Price: £367,632
Top speed: 149mph
0-60mph: 5.6 seconds
MPG: 19.2
It’s a dark and blustery Saturday evening in Whitstable and they’ve shut the pretty high street to turn on the Christmas lights. The problem is I’m on the wrong side of the closure. I decide to chance my luck and nudge the big Rolls-Royce I am driving up to the barricade. A steward appears at my window, but before I utter a single word he rushes to the barrier and raises it, and then ushers me through with a “Sorry to keep you, sir!” I smile awkwardly and give him a weird little salute. Silently I purr up the car-free street. The pavements are filled with expectant shoppers, muffled against the cold, and as I pass they wave and gawp. You could get used to this.
Spending the weekend with a Roller is to be on the end of a wave of endless goodwill. I thought people would be lining up to call me a twat, but it was the exact opposite. It was all awed whispers. When ever I stopped, people came up to me muttering: “Nice car, mate” and “Beautiful” and “Wow! What a whopper.” Other drivers tooted, bus drivers waved, someone even fist pumped the air.
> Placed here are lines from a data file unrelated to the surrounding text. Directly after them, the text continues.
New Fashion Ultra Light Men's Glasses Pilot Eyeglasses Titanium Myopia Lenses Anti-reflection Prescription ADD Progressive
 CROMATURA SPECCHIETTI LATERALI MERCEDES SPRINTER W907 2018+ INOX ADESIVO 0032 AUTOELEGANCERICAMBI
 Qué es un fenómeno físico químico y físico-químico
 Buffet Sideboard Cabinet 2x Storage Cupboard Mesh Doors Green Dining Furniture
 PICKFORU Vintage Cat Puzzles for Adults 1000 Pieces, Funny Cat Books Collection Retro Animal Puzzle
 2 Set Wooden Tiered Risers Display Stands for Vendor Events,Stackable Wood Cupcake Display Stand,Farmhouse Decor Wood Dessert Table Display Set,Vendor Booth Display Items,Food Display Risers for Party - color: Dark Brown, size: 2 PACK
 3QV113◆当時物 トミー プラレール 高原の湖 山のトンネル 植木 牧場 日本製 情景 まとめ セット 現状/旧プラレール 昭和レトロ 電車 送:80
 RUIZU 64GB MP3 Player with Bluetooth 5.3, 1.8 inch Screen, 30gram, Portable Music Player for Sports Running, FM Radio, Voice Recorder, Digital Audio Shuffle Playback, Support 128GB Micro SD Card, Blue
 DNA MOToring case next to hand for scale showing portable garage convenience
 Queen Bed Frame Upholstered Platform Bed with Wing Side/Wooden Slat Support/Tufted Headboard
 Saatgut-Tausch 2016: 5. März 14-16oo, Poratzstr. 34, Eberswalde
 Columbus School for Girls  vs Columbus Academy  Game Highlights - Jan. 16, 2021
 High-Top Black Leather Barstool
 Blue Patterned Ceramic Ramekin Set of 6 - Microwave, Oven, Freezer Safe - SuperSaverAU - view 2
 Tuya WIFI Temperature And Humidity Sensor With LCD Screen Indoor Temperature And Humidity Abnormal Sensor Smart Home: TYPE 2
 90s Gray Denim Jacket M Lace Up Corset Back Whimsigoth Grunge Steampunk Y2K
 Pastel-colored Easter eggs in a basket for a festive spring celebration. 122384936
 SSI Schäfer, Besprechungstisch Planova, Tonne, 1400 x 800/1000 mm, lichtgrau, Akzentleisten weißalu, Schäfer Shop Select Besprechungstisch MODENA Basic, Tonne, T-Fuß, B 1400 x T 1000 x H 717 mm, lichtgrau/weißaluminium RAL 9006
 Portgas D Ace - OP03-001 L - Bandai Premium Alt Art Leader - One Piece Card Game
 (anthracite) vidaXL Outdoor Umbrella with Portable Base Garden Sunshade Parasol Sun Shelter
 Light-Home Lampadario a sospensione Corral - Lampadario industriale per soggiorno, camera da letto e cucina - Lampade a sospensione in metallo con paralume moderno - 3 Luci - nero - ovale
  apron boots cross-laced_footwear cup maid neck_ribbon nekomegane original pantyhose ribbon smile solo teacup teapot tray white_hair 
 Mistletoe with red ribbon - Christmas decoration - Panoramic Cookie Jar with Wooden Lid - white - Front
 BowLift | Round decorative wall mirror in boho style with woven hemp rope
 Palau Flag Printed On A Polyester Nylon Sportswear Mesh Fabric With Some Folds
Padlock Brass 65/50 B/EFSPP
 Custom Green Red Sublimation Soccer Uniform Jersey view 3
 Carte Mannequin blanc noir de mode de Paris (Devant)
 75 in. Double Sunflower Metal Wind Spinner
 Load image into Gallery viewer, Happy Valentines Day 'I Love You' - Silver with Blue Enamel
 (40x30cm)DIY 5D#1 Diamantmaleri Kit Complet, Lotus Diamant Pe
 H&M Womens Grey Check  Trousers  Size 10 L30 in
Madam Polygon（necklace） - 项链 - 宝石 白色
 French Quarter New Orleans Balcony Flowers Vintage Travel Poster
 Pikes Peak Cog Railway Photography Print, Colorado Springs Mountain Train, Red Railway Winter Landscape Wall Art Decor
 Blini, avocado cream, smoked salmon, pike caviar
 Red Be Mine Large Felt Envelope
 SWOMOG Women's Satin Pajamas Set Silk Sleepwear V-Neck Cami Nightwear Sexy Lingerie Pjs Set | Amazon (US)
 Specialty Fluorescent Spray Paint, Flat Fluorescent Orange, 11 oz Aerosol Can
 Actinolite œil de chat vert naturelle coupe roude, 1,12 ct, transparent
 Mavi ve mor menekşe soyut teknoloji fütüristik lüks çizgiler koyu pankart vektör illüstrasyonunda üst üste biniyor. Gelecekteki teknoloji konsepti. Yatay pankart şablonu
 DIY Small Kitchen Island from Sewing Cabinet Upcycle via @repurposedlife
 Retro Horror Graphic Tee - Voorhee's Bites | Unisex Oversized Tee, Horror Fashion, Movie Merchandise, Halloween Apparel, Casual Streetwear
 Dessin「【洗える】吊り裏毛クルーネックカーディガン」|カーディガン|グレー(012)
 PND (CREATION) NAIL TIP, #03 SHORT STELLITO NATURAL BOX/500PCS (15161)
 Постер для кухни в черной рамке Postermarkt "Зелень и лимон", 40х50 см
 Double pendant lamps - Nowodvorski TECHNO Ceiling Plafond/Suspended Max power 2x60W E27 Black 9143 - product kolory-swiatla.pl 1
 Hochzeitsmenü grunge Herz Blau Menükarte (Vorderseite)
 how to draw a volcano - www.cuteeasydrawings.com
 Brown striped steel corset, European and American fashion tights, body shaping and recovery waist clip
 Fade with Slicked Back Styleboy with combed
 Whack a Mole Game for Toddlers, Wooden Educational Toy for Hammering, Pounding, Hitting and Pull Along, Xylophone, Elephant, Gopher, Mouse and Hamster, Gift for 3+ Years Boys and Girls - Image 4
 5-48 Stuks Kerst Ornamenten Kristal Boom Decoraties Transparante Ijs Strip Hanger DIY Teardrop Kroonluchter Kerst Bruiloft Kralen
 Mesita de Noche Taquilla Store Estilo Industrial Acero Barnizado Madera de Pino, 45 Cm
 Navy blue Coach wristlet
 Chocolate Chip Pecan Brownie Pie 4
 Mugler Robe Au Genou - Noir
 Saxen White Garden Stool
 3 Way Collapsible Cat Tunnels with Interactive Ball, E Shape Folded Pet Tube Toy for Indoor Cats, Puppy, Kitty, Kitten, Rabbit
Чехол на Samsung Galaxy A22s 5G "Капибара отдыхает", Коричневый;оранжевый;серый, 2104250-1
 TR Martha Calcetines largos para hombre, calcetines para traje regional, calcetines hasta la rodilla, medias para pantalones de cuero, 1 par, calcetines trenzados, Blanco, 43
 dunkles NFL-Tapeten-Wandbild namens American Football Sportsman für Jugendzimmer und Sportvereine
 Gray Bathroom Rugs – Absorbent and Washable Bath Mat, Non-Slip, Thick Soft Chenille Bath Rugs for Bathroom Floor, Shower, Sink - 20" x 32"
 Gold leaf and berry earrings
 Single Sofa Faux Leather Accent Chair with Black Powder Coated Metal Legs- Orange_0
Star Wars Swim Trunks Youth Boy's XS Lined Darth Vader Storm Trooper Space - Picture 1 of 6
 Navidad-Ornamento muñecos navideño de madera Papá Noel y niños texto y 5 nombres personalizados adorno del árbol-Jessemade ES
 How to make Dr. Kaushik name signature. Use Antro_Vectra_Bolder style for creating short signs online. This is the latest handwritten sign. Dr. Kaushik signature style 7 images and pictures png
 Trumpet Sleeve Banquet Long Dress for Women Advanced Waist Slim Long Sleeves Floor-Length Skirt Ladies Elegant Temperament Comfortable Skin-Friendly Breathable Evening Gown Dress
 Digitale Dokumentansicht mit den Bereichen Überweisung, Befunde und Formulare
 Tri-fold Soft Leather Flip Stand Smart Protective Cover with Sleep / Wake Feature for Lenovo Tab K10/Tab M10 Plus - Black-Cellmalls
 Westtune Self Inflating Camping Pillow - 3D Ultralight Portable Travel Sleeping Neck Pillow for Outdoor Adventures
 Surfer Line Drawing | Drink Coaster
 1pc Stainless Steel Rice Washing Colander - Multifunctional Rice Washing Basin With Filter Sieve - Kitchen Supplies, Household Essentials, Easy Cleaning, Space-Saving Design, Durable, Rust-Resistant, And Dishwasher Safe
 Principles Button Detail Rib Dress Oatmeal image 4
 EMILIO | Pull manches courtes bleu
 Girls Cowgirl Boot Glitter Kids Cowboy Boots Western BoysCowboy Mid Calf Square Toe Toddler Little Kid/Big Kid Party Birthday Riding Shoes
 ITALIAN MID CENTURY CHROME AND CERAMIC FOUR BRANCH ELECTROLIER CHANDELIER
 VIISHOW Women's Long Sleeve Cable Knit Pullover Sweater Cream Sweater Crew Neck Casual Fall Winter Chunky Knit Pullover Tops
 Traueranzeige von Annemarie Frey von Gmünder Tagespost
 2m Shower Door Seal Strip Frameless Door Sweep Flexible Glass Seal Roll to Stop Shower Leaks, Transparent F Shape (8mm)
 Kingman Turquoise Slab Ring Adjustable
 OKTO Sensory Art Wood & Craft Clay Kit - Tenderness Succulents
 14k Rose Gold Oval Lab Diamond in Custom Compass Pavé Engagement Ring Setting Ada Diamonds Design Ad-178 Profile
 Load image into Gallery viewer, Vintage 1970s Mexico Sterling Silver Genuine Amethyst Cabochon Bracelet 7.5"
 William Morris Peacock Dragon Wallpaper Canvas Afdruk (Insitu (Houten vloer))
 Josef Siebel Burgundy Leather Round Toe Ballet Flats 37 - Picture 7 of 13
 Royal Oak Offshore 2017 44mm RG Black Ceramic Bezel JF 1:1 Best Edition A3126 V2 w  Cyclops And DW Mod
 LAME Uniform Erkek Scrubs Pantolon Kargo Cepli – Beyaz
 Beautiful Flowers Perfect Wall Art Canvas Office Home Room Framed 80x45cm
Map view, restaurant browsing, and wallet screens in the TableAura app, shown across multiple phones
I learned a few unexpected things about Rollers and Britons. First, we really do love a posh car. Secondly, the cap-doffing spirit of empire seems to be alive and well. Thirdly, Rolls-Royces are fitted with a social force field that means you can cruise anywhere in a state of perfect equanimity – everyone always lets you go first.
I needn’t have worried about pranging the car as everyone gave me such a wide berth. Of all the many extras that come with the Roller, it’s this unbelievable sense of entitlement that’s most intoxicating. Rules are not for you. You’re too big to fit into those silly little parking bays anyway. After 72 hours of this I was almost relieved to give the car back. It was going to my head.
All this comes at a colossal price: £367,632. Can you justify that? Er… no. The average price of a new car in Britain is £28,973 – how can any car be worth 12 times that? But, and this is a gargantuan but, the Phantom Drophead Coupé is simply stunning. Fully loaded it weighs nearly 3 tonnes. It has a 6.75-litre, 435bhp V12 six-speed engine which you control with a lazy finger on its thin-rimmed steering wheel. Within moments you get used to the car’s scale, but you never get used to its astonishing sense of lightness. It’s a giant lump of incredible mass yet it seems to float on air. Maybe “Phantom” isn’t such an odd name after all.
It’s as easy to drive as a Mini. It shares a chassis and underpinnings with its saloon sister, but this is a far less formal car. The panels are sculpted, the lines flow and when you drop the head, four of you sit there as if in a yacht. The rear-facing suicide doors also add to the drama and sense of uniqueness.
You can’t rush a Roller. Everything from the self-levelling air suspension to the rotating dashboard display is damped. Turn on the satnav and its control silently appears at your elbow. Open the fabric roof and it solemnly folds itself into a hidden extra boot in 25 seconds. In theory you could hit 60mph in 5.7 seconds and then head on up to 149mph. But everything about this surprisingly restrained car wants you to slow down, relax and enjoy the show – well, the festive lights anyway.